Des outils de gestion inefficaces, des crédits surdimensionnés, des effets d'affichage primant sur les réalisations concrètes... Dans un rapport intitulé " ADEME : la grande illusion ", le sénateur Philippe Adnot dénonce certaines pratiques en vigueur au sein de l'Agence de l'environnement et de la maîtrise de l'énergie. A l'heure où ce bras armé du gouvernement en matière d'environnement est au coeur de l'actualité de la construction avec la mise en place de la Réglementation Technique 2000, il nous a semblé intéressant d'en savoir plus.

Baticactu.com : Qu'est ce qui vous a conduit à vous intéresser à la gestion et au mode de fonctionnement de l'Ademe ?
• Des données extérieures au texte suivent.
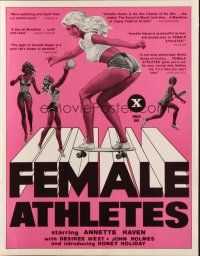 6p722 FEMALE ATHLETES pressbook '80 Annette Haven, John Holmes, great sexy sports artwork!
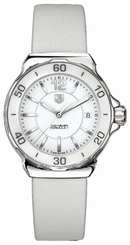 TAG Heuer Watches : WAH1211.FC6219 Quartz White Dial Ceramic Bezel With White Leather Strap Women Watch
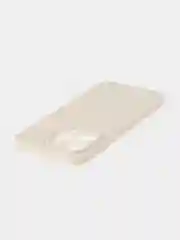 Бежевый меланж чехол для iPhone 15 Pro Max силиконовый BROSCORP, матовый/ прозрачный, бортик- защита камер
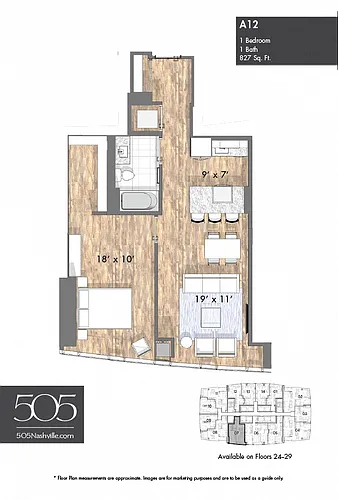 Floor plan 505 One Bedroom Upper Stack 07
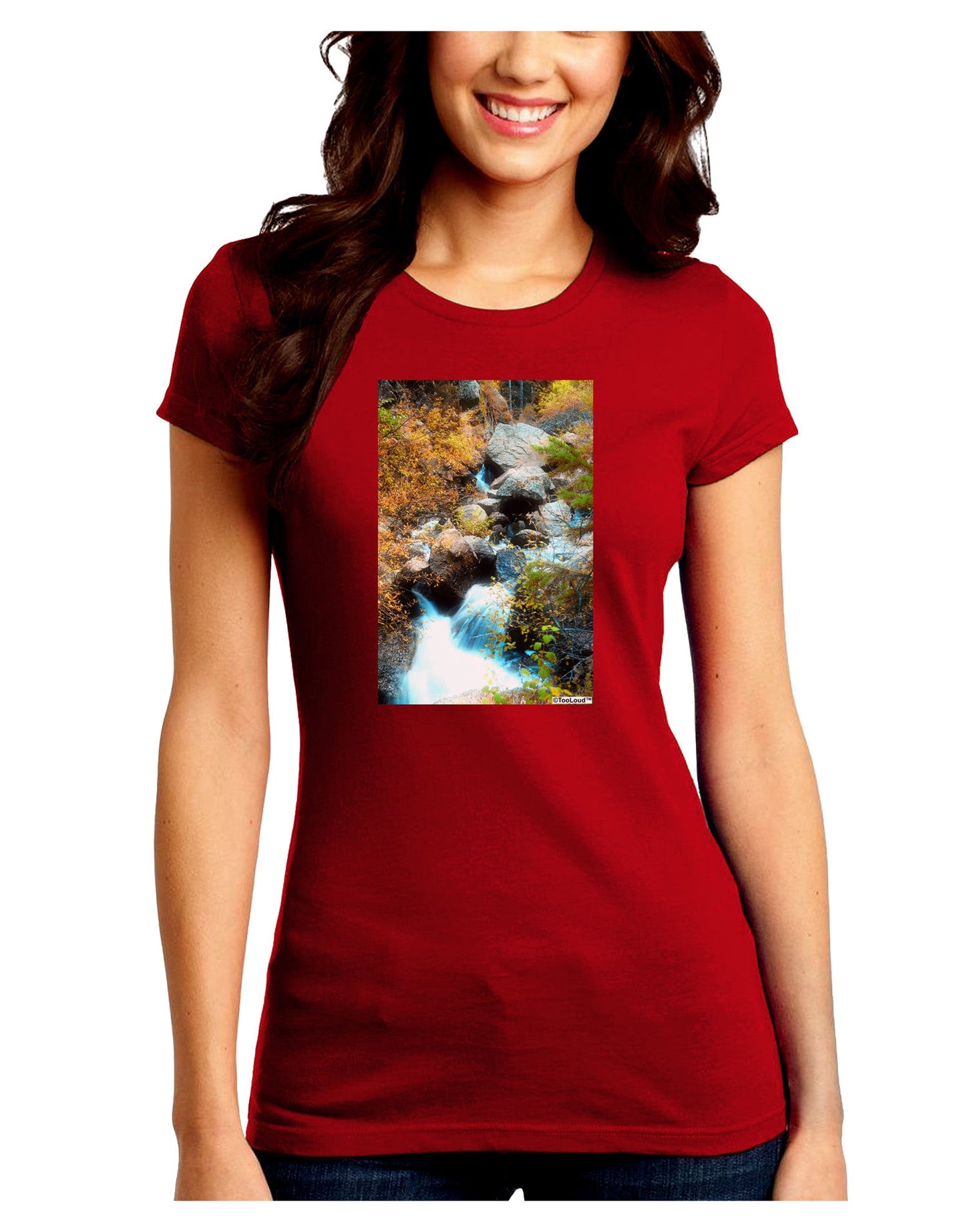 Rockies Waterfall Juniors Petite Crew Dark T-Shirt-T-Shirts Juniors Tops-TooLoud-Red-Juniors Fitted Small-Davson Sales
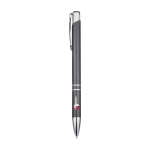 Stylo en aluminium recyclé avec finition laquée, encre bleue couleur gris deuxième vue impression tampographie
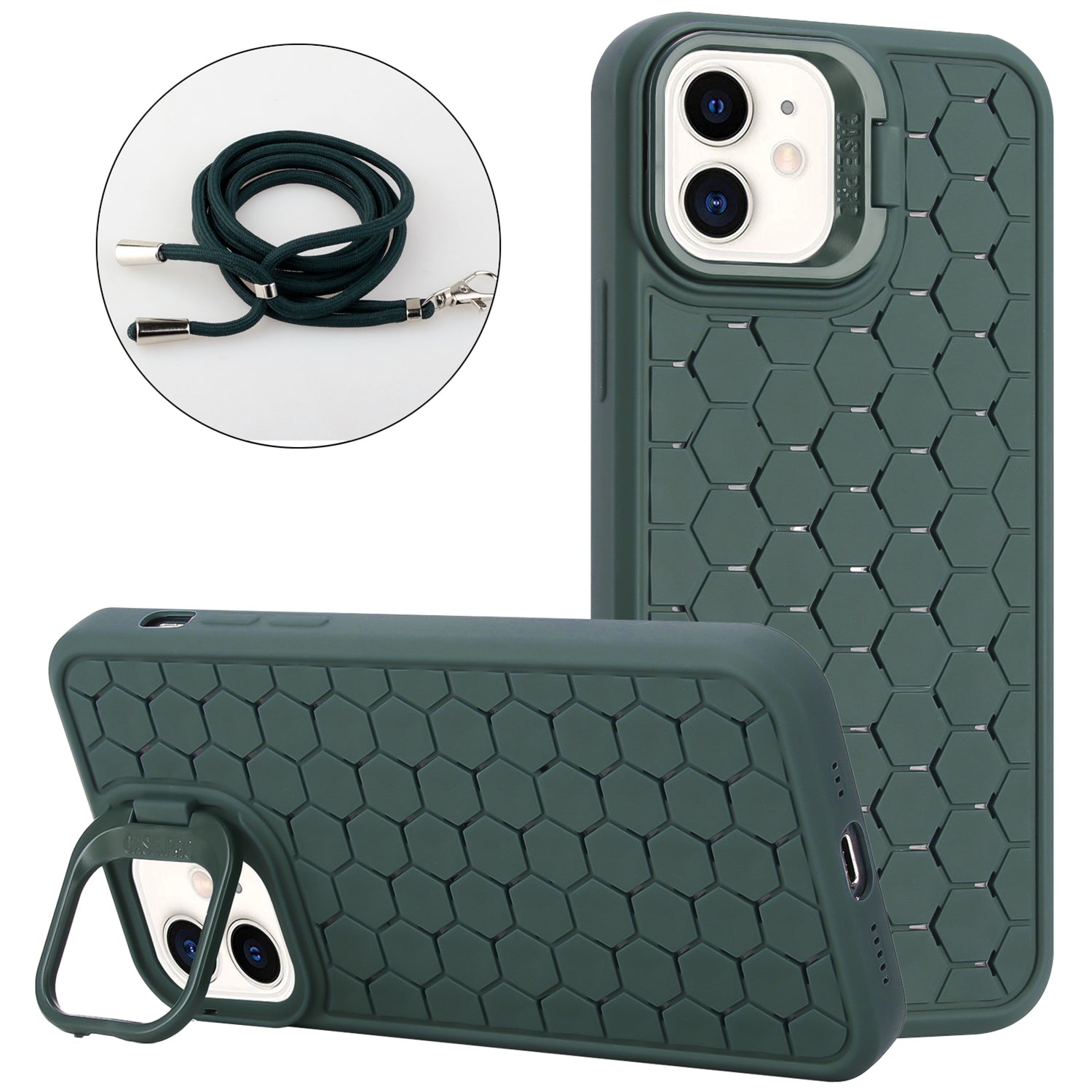 For iPhone 12 Magnetic Case Lens Frame Kickstand Heat Dissipation TPU Cover with Lanyard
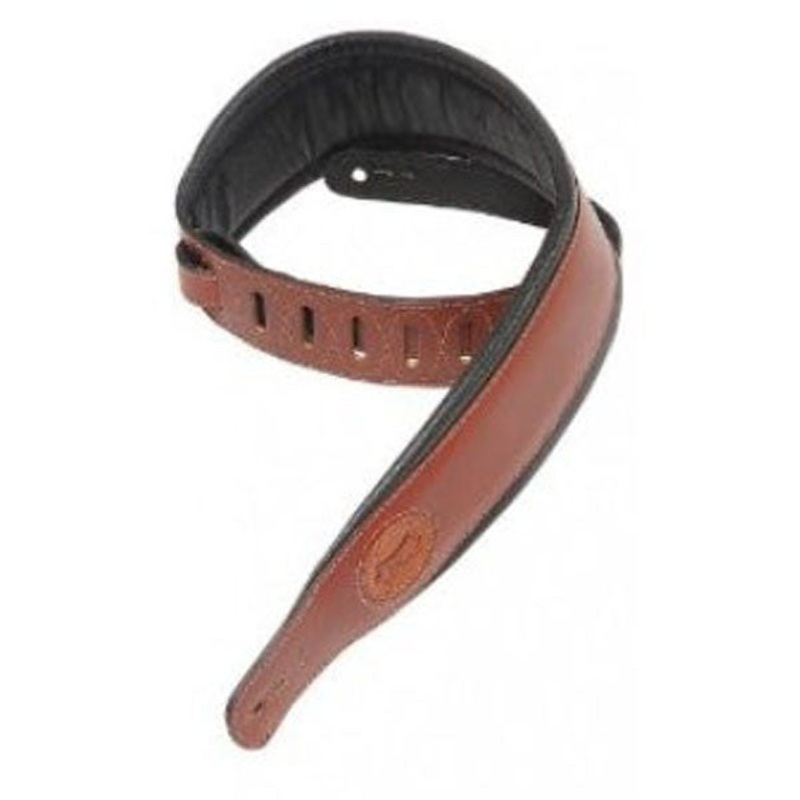 Levys 2.5inch MSS1-WAL Sign Series Carving Leather Padded Guitar Strap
Philippe Adnot : Au sein de la commission des Finances du Sénat, je suis rapporteur du budget de l'environnement. En 1998-1999, j'ai constaté un double mouvement : au 1er janvier 1999, l'Ademe a connu un bouleversement majeur dans son mode de financement en passant d'un régime de taxe affectée à des subventions d'origine budgétaire et donc votées par le Parlement. De plus, quelques mois plus tard, l'Ademe a brutalement décidé de modifier à la baisse son barème d'aides aux collectivités locales dans le domaine des installations de déchets. Ces deux événements m'ont décidé à mener une mission de contrôle sur l'Ademe.

Batiactu.com : Pourtant la budgétisation des recettes de l'Ademe peut apparaître comme une bonne décision ?
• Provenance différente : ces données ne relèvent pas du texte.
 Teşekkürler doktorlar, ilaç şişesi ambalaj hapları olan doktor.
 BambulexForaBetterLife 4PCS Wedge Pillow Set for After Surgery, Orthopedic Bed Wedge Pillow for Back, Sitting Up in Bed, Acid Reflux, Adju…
Philippe Adnot : C'est une bonne décision mais sa mise en oeuvre est extrêmement contestable. En effet, si cette décision a permis de confier la tutelle de l'agence à un seul ministère, celui de l'Environnement, elle a surtout été l'occasion de donner des gages à un ministère représentatif de l'une des composantes de la " majorité plurielle " en lui permettant d'afficher une progression très forte de son budget annuel. Je m'explique : avec la création de la TGAP, les taxes auparavant affectées à l'Ademe ont été regroupées - et même augmentées ? pour être ensuite versées au budget général de l'Etat. Bien sûr, dans le même temps, la loi de finances instaurait de nouvelles subventions à l'Ademe afin de compenser la perte de ses recettes. Aujourd'hui, on constate que le produit de ces taxes augmente chaque année alors que la subvention à l'Ademe suit d'autres logiques. Il est clair que l'évolution de financement de l'Ademe a été dicté par un arbitrage politique entre ministère. Une partie du produit de la TGAP a été utilisé pour financer les 35 heures et en échange, par affichage politique, le ministère de l'Environnement a obtenu le contrôle de l'agence ainsi q'une dotation budgétaire importante, voire excessive au regard des besoins réels.

Batiactu.com : Qu'entendez-vous par là ?

Philippe Adnot : Les crédits demandés pour l'Ademe - au titre du budget de l'environnement en 1999 et en 2000 - ont été largement sur-dimensionnés. En 2000, sur les 2,7 milliards de francs de crédits disponibles, seuls 510 millions de francs (soit moins de 20%) ont été délégués à l'Ademe. Un peu plus de deux milliards de francs ont donc été reportés sur 2001 à l'issue de l'exercice 2000 : c'est tout à fait considérable . Pour moi, cette sous-consommation chronique s'apparente davantage à une tentative d'habillage budgétaire. En matière de politique environnementale, il semble que les effets d'affichage aient primé sur les réalisations concrètes.